- Problem to work on: Without including any pictures, please copy every entry below exactly.

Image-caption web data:
----

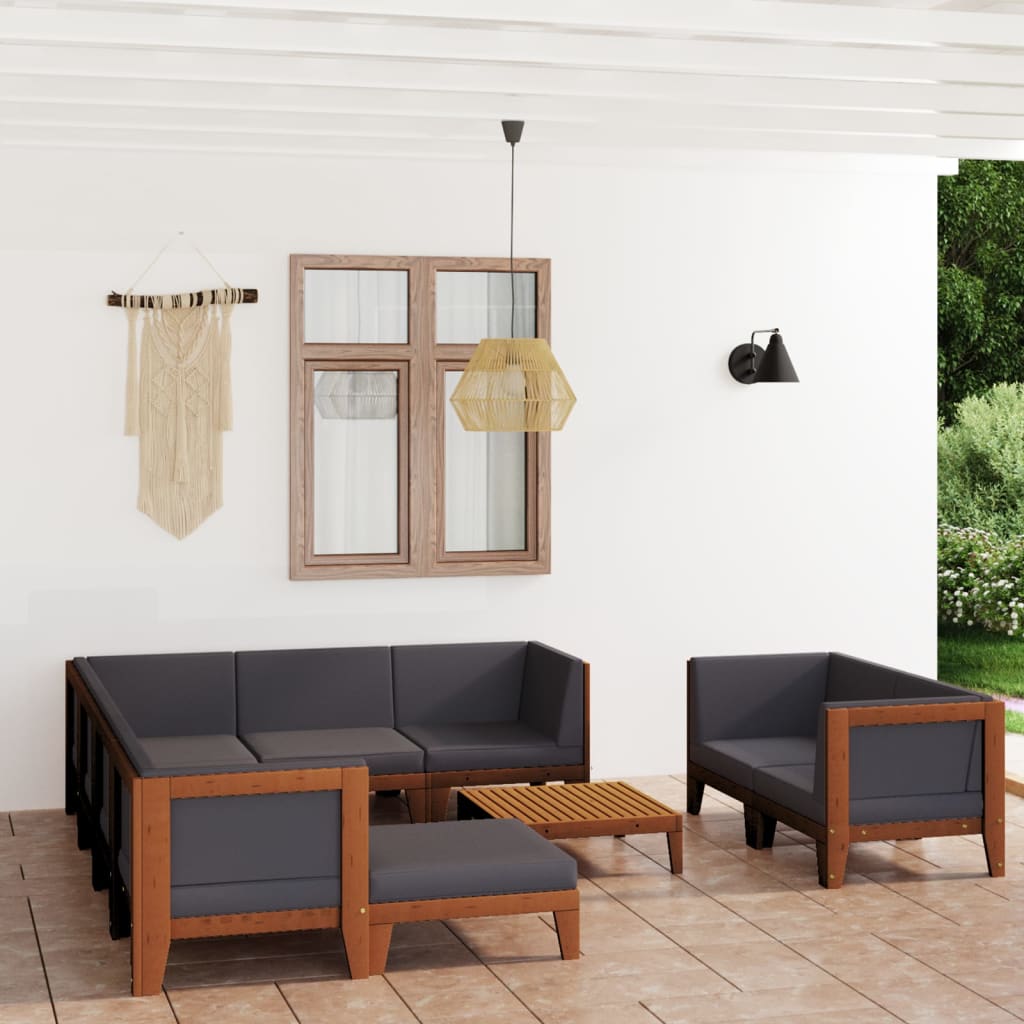 10 pcs conjunto lounge de jardim c/ almofadões acácia maciça - Leva - Me - Contigo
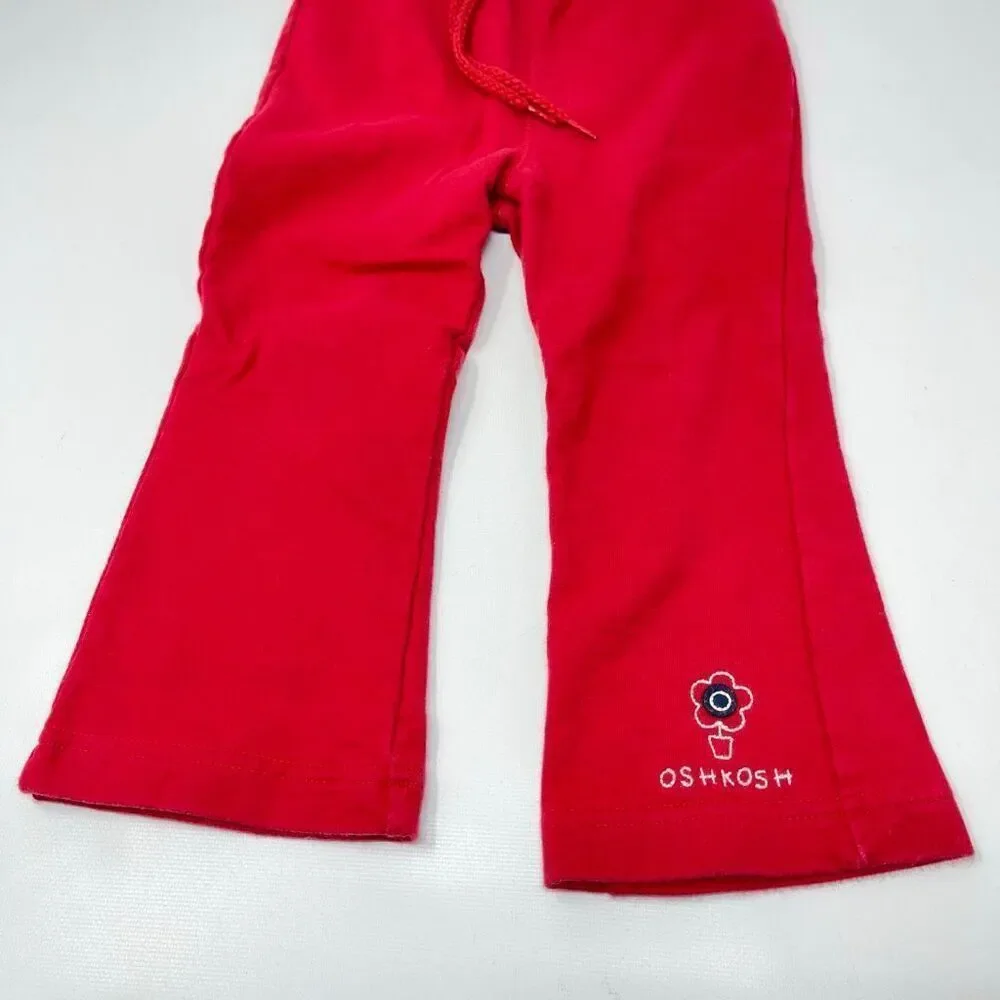 Vintage Y2K Osh Kosh B’Gosh Red Flare Pants & Ruffle Denim Skirt Girls Size 2T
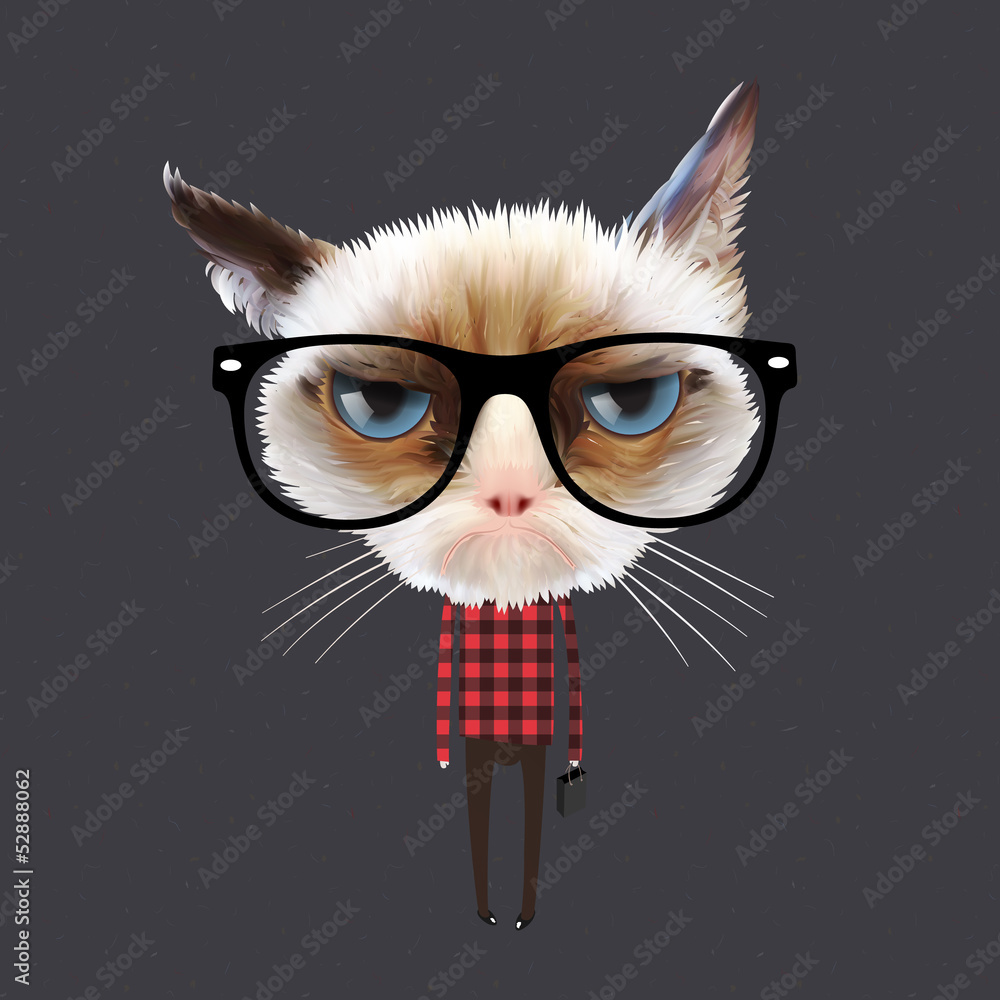 Obraz Tryptyk Funny cartoon cat, vector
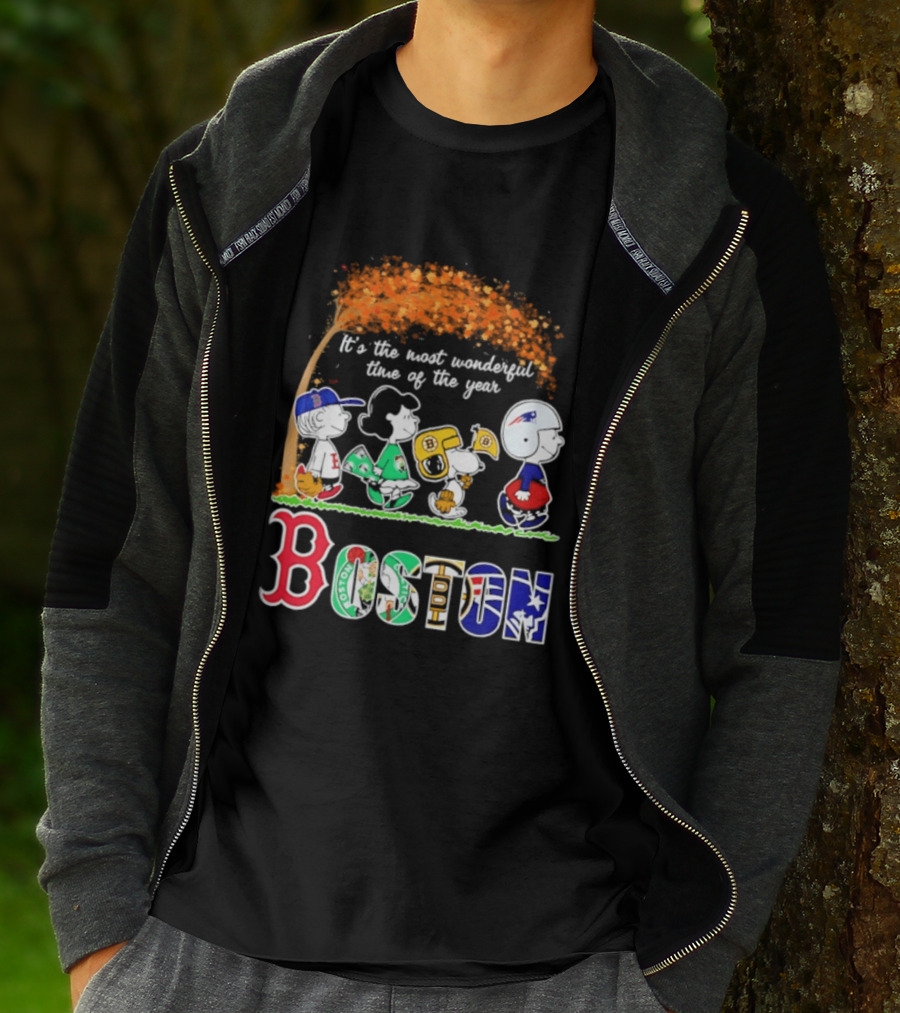 Boston Sports Team X Peanuts It's The Most Wonderful Time Of The Year Halloween 2026 Fall Autumn T-Shirt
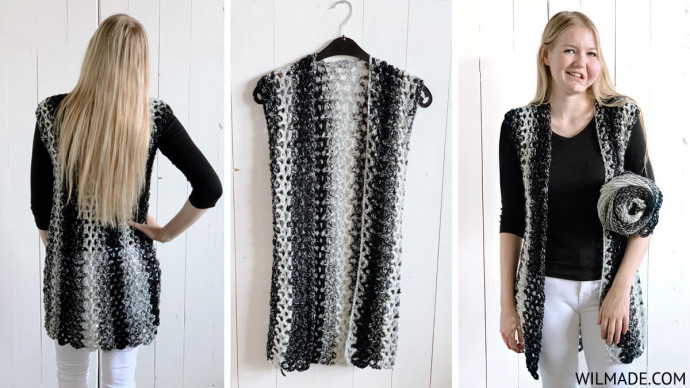 Inspiration. Long Crochet Vests.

----

- Reply to the task:
 10 pcs conjunto lounge de jardim c/ almofadões acácia maciça - Leva - Me - Contigo
 Vintage Y2K Osh Kosh B’Gosh Red Flare Pants & Ruffle Denim Skirt Girls Size 2T
 Obraz Tryptyk Funny cartoon cat, vector
 Boston Sports Team X Peanuts It's The Most Wonderful Time Of The Year Halloween 2026 Fall Autumn T-Shirt
 Inspiration. Long Crochet Vests.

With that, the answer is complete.